● Problem details
Nothing but the lines from the one containing "Skinny Mini Star Ring" through the end of the entries below should appear in your answer, transcribed exactly; please drop the pictures.

Short text fragments from websites
######
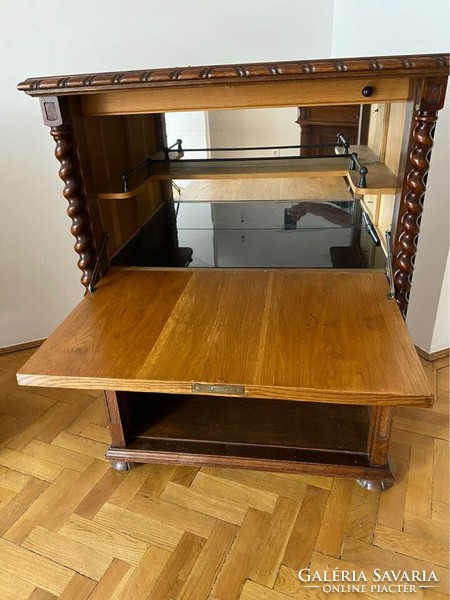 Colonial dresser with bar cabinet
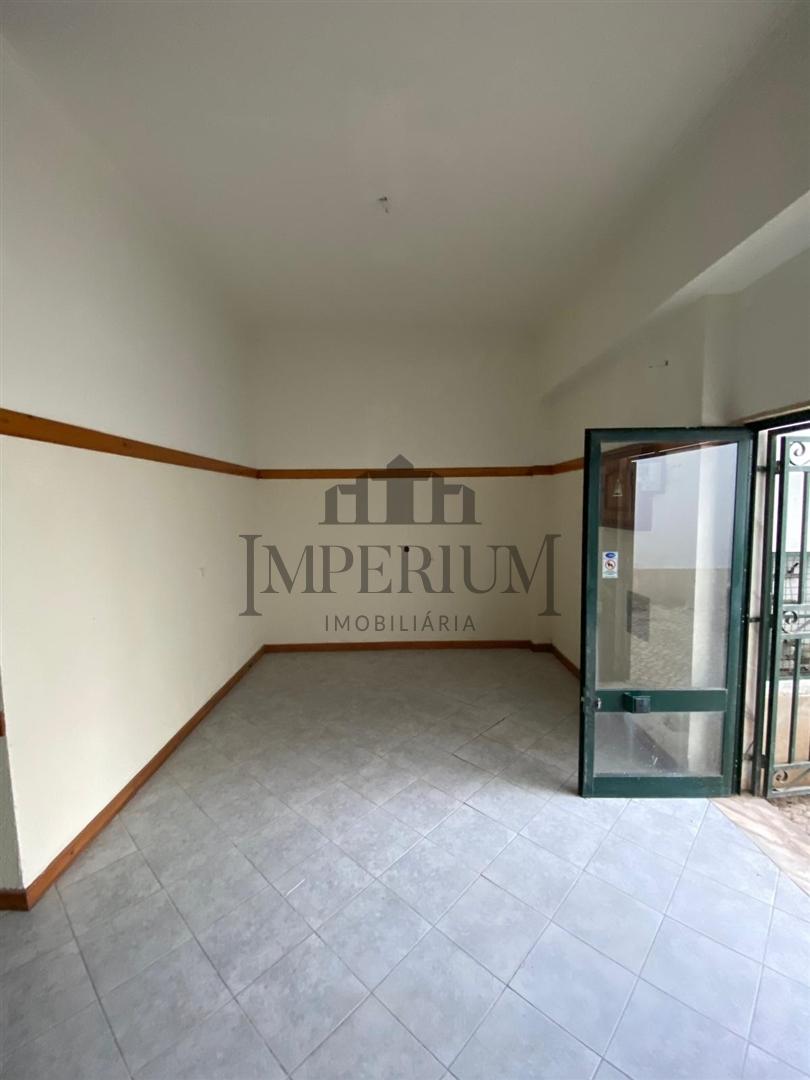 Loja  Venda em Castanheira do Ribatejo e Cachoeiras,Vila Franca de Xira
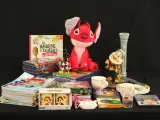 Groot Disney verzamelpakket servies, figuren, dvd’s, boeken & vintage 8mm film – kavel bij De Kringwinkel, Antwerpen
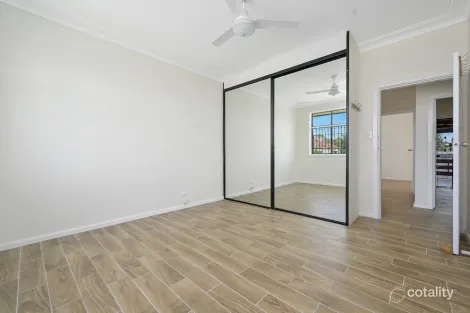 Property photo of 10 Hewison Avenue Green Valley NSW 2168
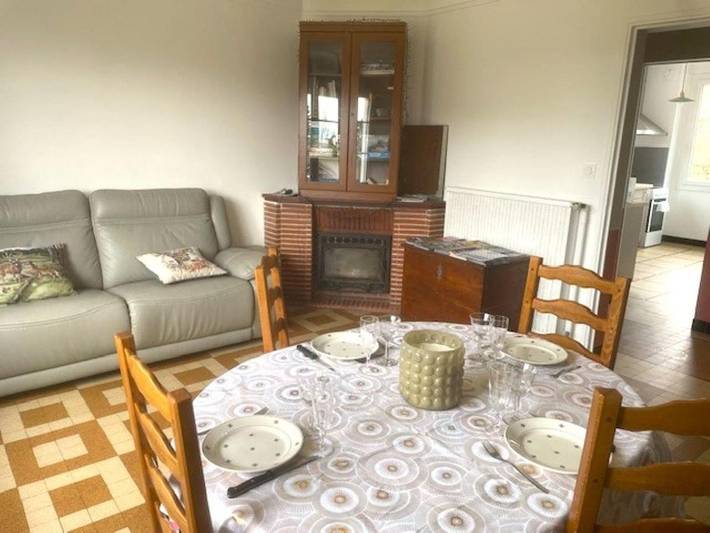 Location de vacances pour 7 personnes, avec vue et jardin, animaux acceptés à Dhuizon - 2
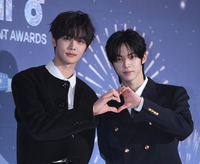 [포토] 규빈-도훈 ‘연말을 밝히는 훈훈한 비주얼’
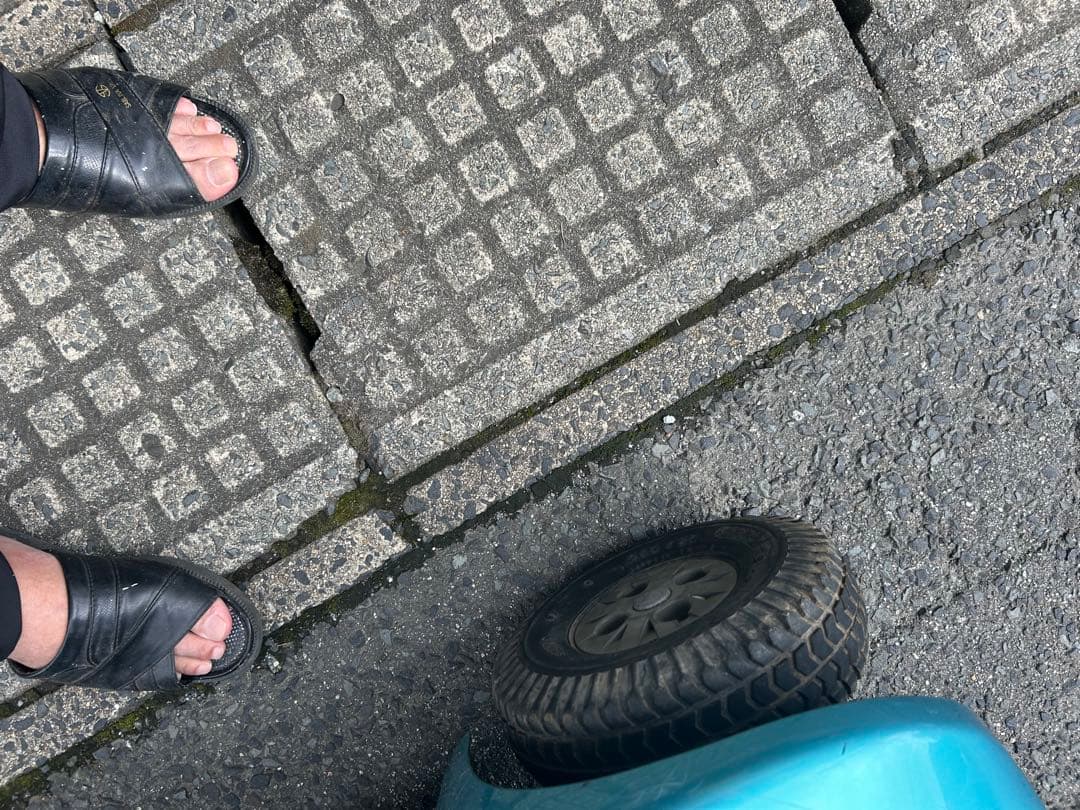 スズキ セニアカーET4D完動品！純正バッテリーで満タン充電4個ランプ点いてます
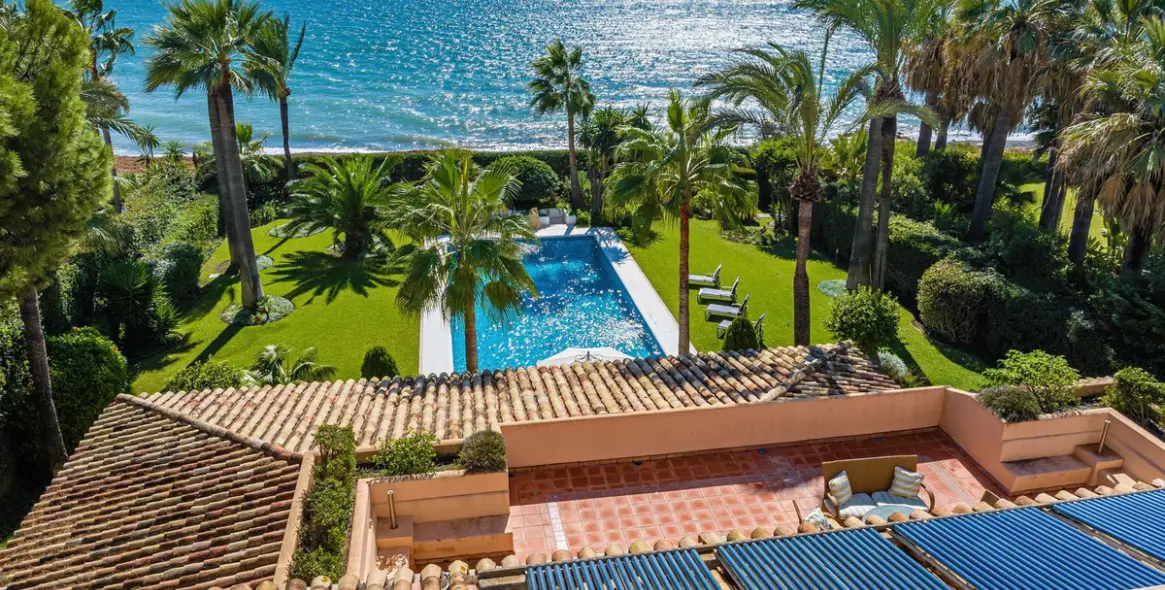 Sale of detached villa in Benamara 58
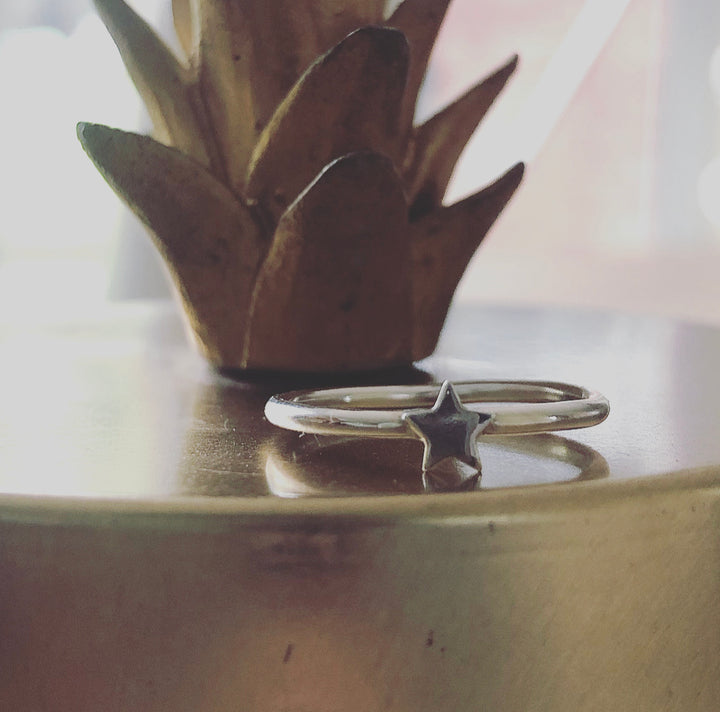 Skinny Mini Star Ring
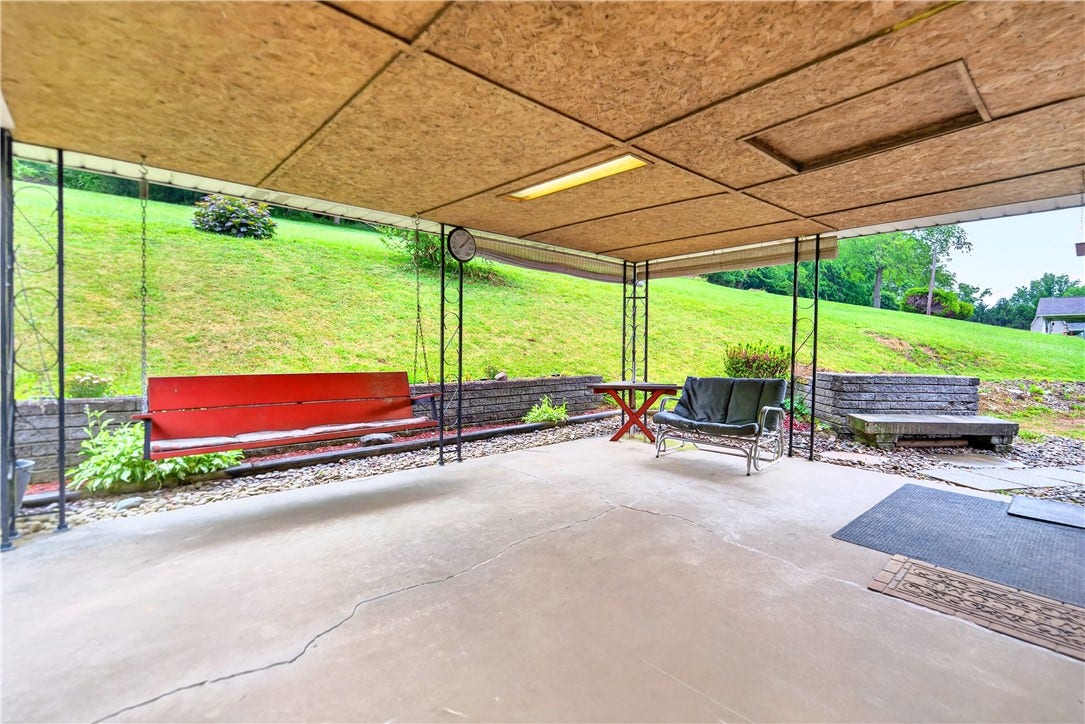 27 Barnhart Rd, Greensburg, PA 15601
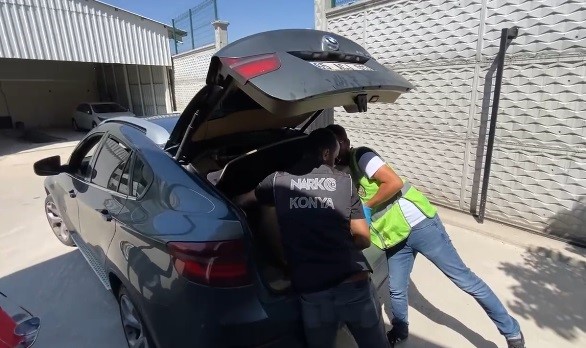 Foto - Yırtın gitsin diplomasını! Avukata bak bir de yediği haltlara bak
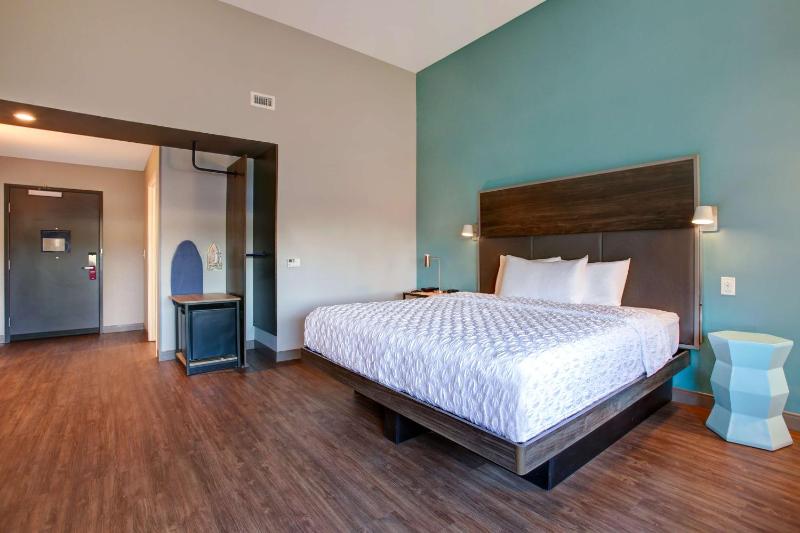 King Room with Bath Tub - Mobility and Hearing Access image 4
######
● Response
 Skinny Mini Star Ring
 27 Barnhart Rd, Greensburg, PA 15601
 Foto - Yırtın gitsin diplomasını! Avukata bak bir de yediği haltlara bak
 King Room with Bath Tub - Mobility and Hearing Access image 4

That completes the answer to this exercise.